E é aqui que "The 8 Show" se difere por completo de "Round 6". O primeiro hit sul-coreano da Netflix enxergou o choque na morte. São brincadeiras infantis que conduzem indivíduos desesperados a um destino trágico. É o fim como a máxima consequência. 8 ou 80. Sem espaços para um olhar mais profundo para o que se escondia na ilusão dos protagonistas. Em "The 8 Show", por outro lado, os participantes precisam estar vivos. Eles não correm contra o tempo. Eles precisam dele para enriquecer. O tempo é dinheiro. Os primeiros episódios são um tutorial revelador. Em poucos minutos entendemos o real objetivo da série. Enxergamos também as potenciais distorções naquela engrenagem.

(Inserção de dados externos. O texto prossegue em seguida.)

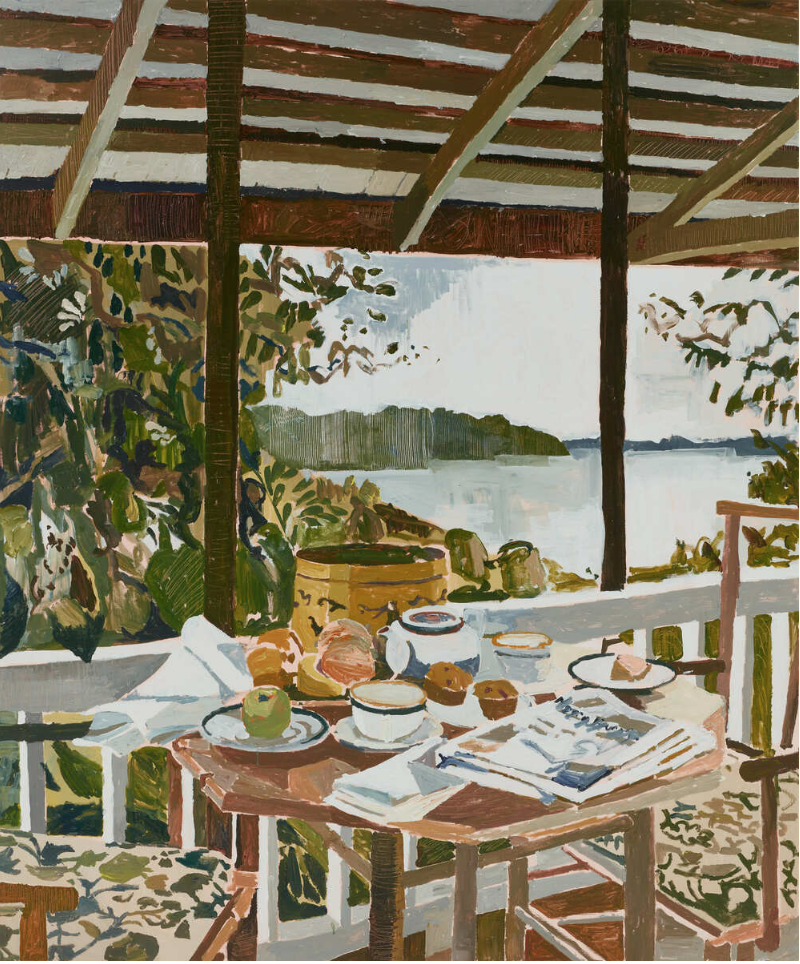 A rustic outdoor breakfast setup on a wooden table with a view of a lake and wooded shoreline, under a wooden roof. The table has bowls, plates, a tea kettle, a cup, and newspapers, with foliage nearby.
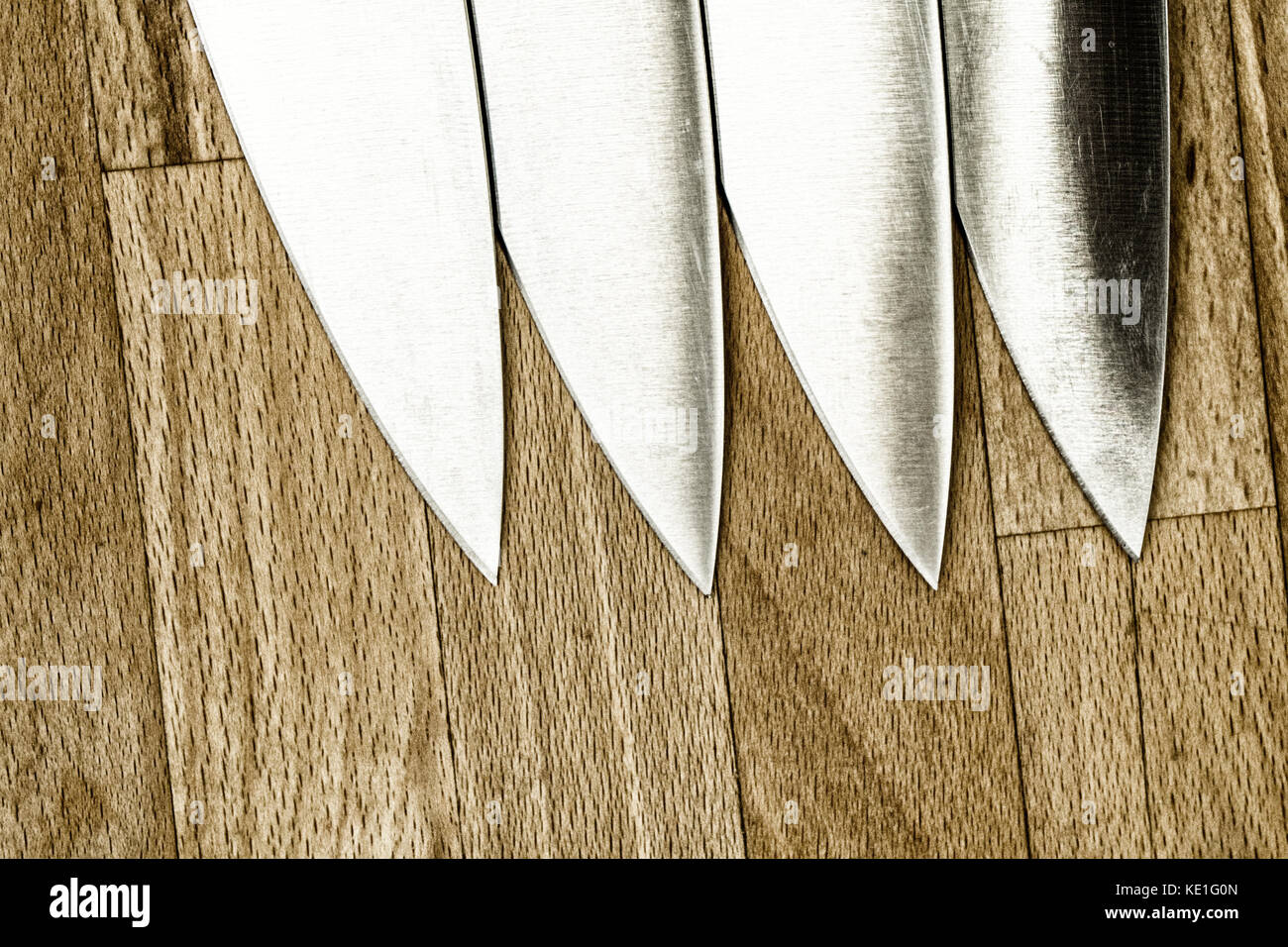 Four identical kitchen knives on a wooden work top Stock Photo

É inquietante como "The 8 Show" projeta na "realidade" dos realities shows os desvios em uma sociedade capitalista pautada pela inversão de valores, pela exploração de mão de obra e pelas promessas de enriquecimento através do trabalho. Privilégios geram tensões. O acúmulo de capital gera o poder. Uma combinação explosiva que "The 8 Show" explora sem pudores. Num cenário de plástico que realça a artificialidade na ilusão que os une, os oito estranhos veem a expectativa de lucro fácil se tornar sacrificante quando a desigualdade entra no centro da equação.
E é com um senso de humor perverso que a série resolve entender aqueles personagens a partir dos limites de cada um deles. O que começa de forma inofensiva, com jogos quase infantis, logo ganha um caráter visceral à medida que o mundo - através da participação do público - começa a se fazer presente naquela dinâmica. Em "The 8 Show", na verdade, não importa o que os personagens façam, o grande vilão da história somos nós, o espectador. Enquanto os participantes refletem os nossos “desvios” mais íntimos, a audiência escancara a perversidade em escala macro. Nós fazemos parte de uma engrenagem distorcida. As ações individuais são validadas (ou não) por uma força oculta que só aquece o clima de tensão, angústia e desespero.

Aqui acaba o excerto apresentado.